A "Novel" Approach to Economics

Economics Professor Phil Ruder uses short-stories to engage students

Students enrolled in any of Professor Phil Ruder's economics classes are in for a surprise. Sure, they study all of the graphs and charts that are integral to economic analyses, but they also study short stories that students usually expect to find in their literature courses.

Professor Ruder, an award-winning teacher, explains he uses short stories and other literature in his economics classes because "many stories have a great deal of economic content and the stories can be more surprising and captivating than a textbook."Because stories provide a rich context, they can help to humanize economic forces that otherwise can seem abstract or impersonal.

In Phil Ruder's classes, students cannot just sit back and watch. Instead, each student is assigned to a team that has a real-world problem to work on. These teams learn economic principles while struggling with real world issues.

Professor Phil Ruder is one of many outstanding teachers at Pacific. Get to know more members of the faculty through each department's webpages - or better still, visit Pacific and sit in on a class or two. See for yourself why teaching is different at Pacific.

 

 


 

Example from Geeta Shama Jensen's " A Good Country"(The Atlantic Monthly, Vol. 291, No. 4 May, 2003, pp93-101.)

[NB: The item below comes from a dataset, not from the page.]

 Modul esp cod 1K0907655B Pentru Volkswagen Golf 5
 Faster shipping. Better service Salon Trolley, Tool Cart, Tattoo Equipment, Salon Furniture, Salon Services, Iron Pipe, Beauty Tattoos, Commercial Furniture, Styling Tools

Students read the story before class, then work in pairs to develop arguments in favor or against making Mr. Cooper clean up. Alternatively, students might work to identify externality issues in the story. Short student presentations follow the exercise as does my own presentation. This exercise makes for a much richer class discussion of property rights and the Coase Theorem (private parties will arrive at an efficient outcome through negotiation and appropriate compensation where required as long as the property rights are clearly defined regardless of how rights are defined) than does any text book or other case analysis I have encountered.